Tips For Seducing Rednecks
As a service to our two female readers, I decided it was only right to provide some content geared to them. And what is a popular topic amongst our female readership…..dating. So I thought it only fitting that I provide some dating advice. However, as most of the guys I know are pretty low-brow, the best advice I can provide is a bit on the frightening side. So without further ado, here are three easy tips to keep in mind when trying to attract the opposite sex… well as long as his name is Billy-Bob or Bubba.
Tip #1: Present him with something enticing
Men are simple creatures. We like simple things like meat, sports, large breasts, beer and explosions. Pick two of these things and present it to us. You will find most subjects rather receptive to discussions about tailgate parties, beer-can bikinis, or NASCAR.

Tip #2: Set The Mood
After luring the redneck male back to your place, you can’t simply offer them sex. You have to set the mood for the evening. Put on a nice Lynyrd Skynyrd 8-track or Billy Ray Cyrus cassette. That’s really sexy. Turn off the lights, and turn on the TV. If you don’t own any actual porn, don’t be discouraged. Flip the channels until you find a Monster Truck Rally. That will be considered a suitable replacement.

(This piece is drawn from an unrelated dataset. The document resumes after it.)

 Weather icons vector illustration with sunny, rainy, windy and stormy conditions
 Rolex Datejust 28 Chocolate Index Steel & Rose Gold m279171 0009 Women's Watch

Tip #3: Make Him Feel Comfortable
Once you have enticed the redneck male to the bedroom, the subject may start to feel uncomfortable. If you have all your own teeth, or don’t say things like “din you git sum”, he may not feel attractive enough. You can ease his discomfort by engaging in things like roleplay. You can act out his fantasy of “that purdy cousin from da city”, or whatever else comes to mind. The important thing is to not be judgmental of his requests, and you’ll be fine.

I hope you have found this advice useful. If you want to learn more about the redneck, or simply want to take a look at some successful shotgun weddings, feel free to click here.



July 9th, 2008 at 9:23 pm
Well I have to agree with you…
“Men are simple creatures”!
July 9th, 2008 at 9:50 pm
Can’t argue with that one.
July 10th, 2008 at 12:12 am
I don’t care who you are, that’s funny right there.
July 10th, 2008 at 12:31 am
Okay, after fighting with Digg the last 5 minutes, I forgot what I wanted to say and I may have posted in the wrong comment section, nevertheless, what items are attached to the back of the bikini to go along with the beverages. Chips, pretzels, AH, the curiousity is killing me!